Mimpi, angan-angan, obsesi, iman, harapan, memang memberi kita limpahan energi, tapi energi itu ibarat api, jika gagal dikendalikan, justru itu akan "membakar" diri kita sendiri, merusak otak kita, membuatnya "terpaksa" menjadi "penipu", menghadirkan hal-hal palsu demi memenuhi mimpi, angan-angan,obsesi, iman atau harapan tak terkendali-melampaui batas-batas takdir-hukum alam kita...

Senin, 24 Juli 2017

Yang Terbimbing, yang Selamat


Waktu SMA dulu, saya pernah belajar silat. Silat ini cukup unik, tidak pakai teori, jurus, latihan apa lagi ritual aneh-aneh.
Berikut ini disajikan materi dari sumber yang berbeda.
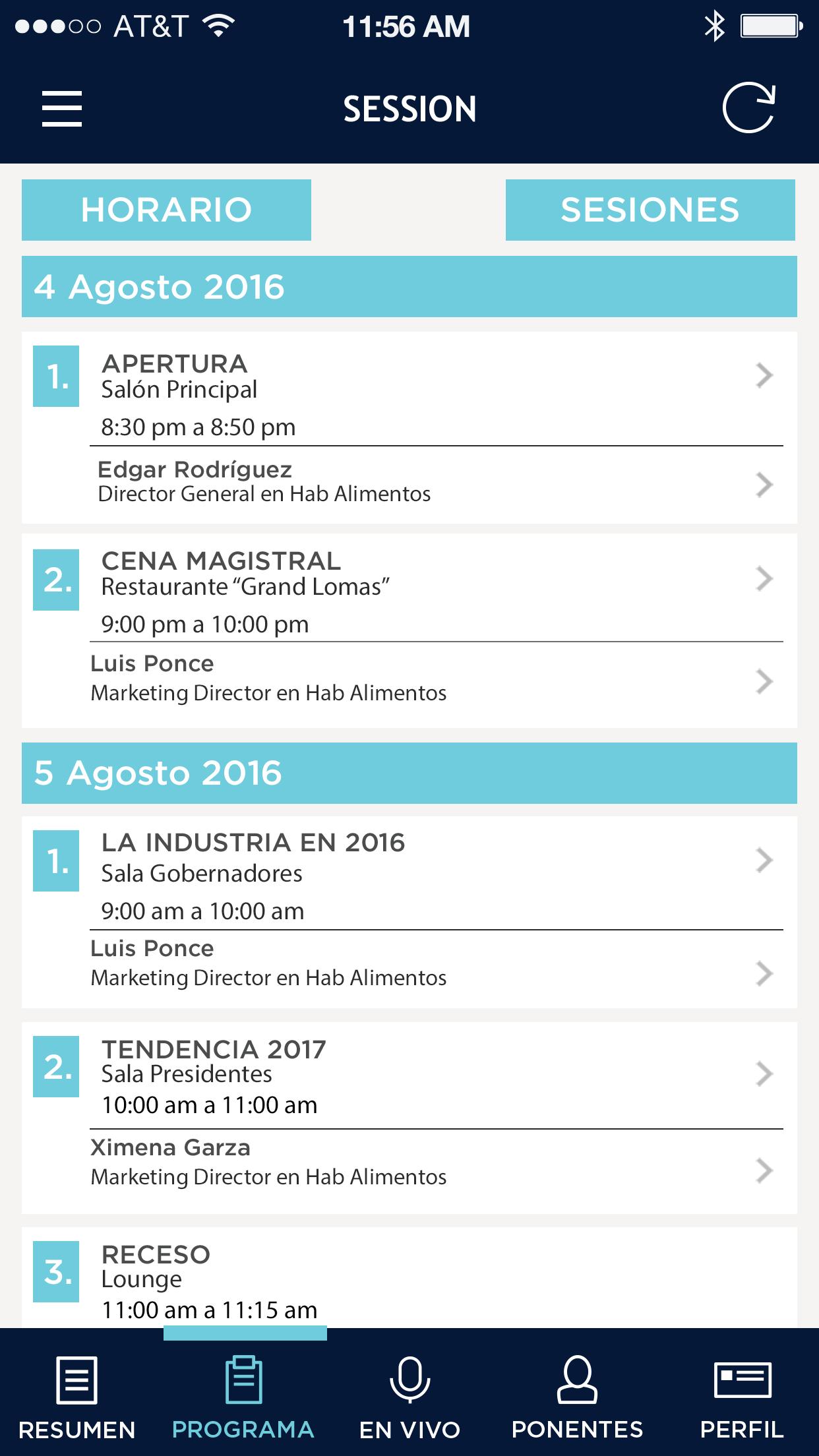 Polaris HealthTech Events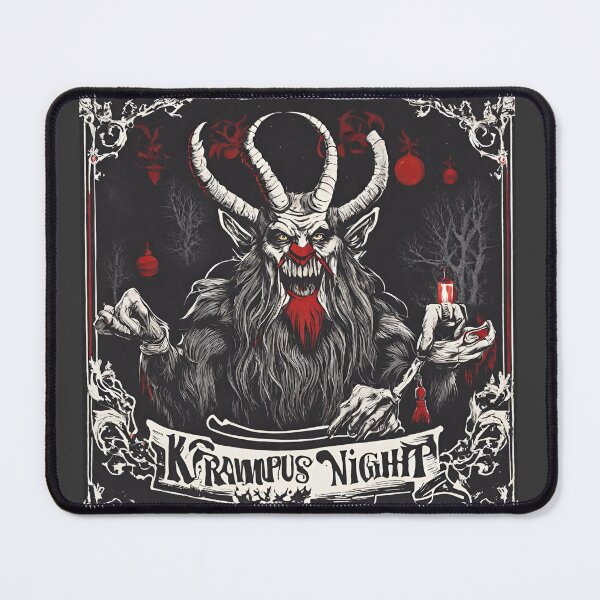 Item preview, Krampusnacht designed and sold by James-Landon.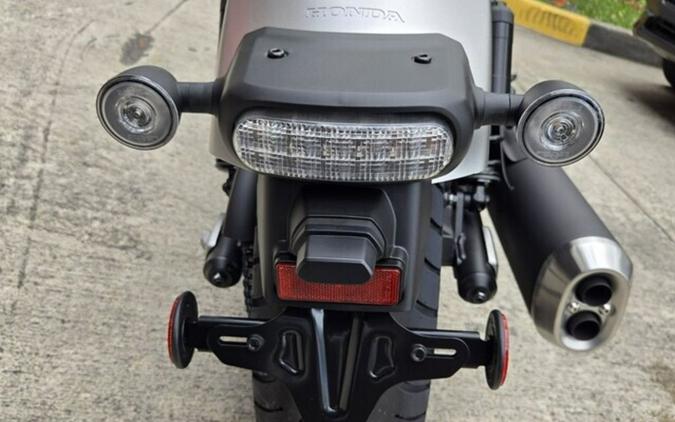 2026 Honda Rebel® 1100 Base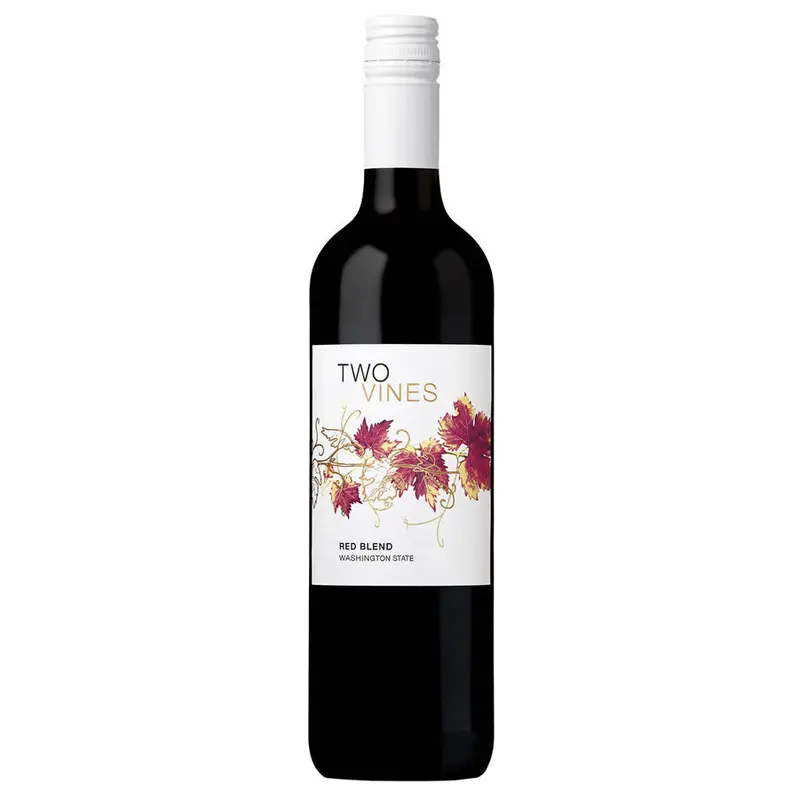 Two Vines Red Blend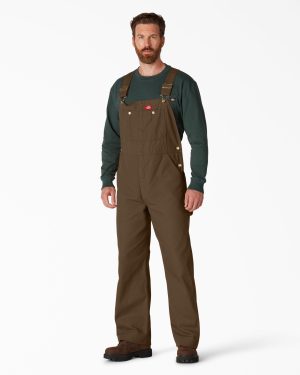 Classic Bib Overalls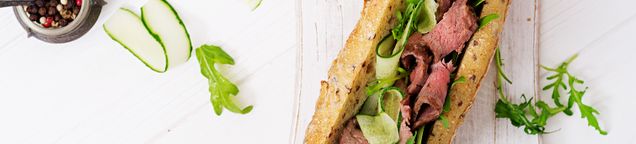 Baguettes
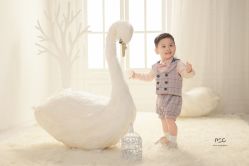 -Baby Pastel 自然光儿童摄影(CBD店)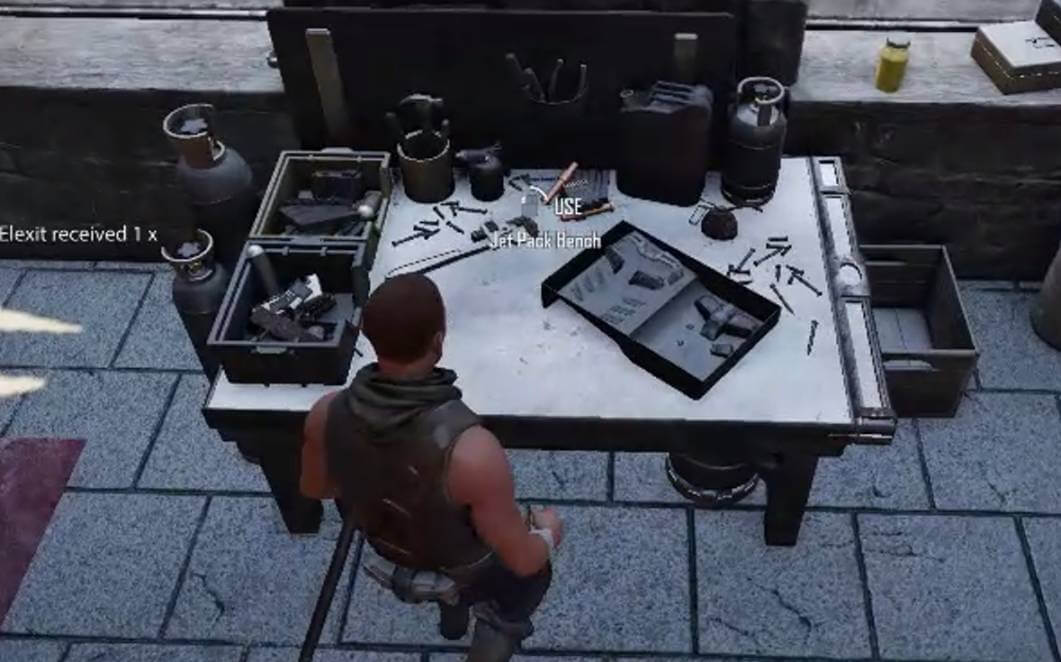 Elex 2 Jetpack Bench Locations Tech News, Reviews and Gaming Tips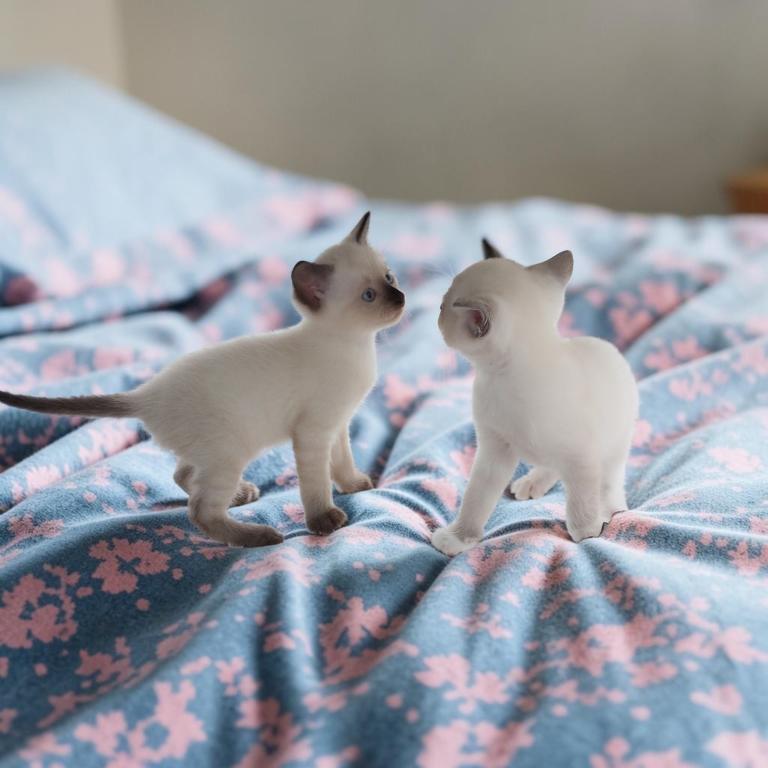Kissy's Litter photo 1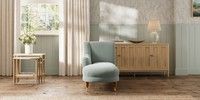 Chaise Longue Left Hand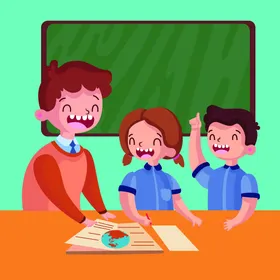老师知识学习指导文化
Pokoknya begitu "diisi" atau diijazahi Sang Guru, langsung bisa, hanya perlu sedikit doa, konsentrasi dan gerakan tubuh untuk "memanggil" ilmu silat ini.

Sang Guru hanya mensyaratkan agar murid bersedia menghindari "molimo" dan sering berpuasa sunah setelah diwirid ilmu itu. Sang Guru juga mengatakan, tugas Guru hanya membukakan-mengaktifkan apa yang sudah dimiliki murid, jangan terlalu dikultuskan. Semua orang sudah punya semua jenis ilmu yang bisa diaktifkan sewaktu-waktu, baik oleh diri sendiri ataupun dengan bantuan seorang Guru.

Saat ilmu itu berhasil dipanggil, tubuh akan terasa sangat ringan, reflek atau naluri untuk menghindar dari serangan lawan dan menyerang balik titik kelemahan lawan menjadi sangat kuat, seolah ada kekuatan yang terus "membimbing" agar tubuh senantiasa mengambil langkah cepat, tepat dan efisien agar selamat dan menang. Mirip taichi gerakannya, "mengalir", santai dan lembut, tidak memerlukan banyak tenaga tapi efektif dalam melindungi diri-melumpuhkan lawan.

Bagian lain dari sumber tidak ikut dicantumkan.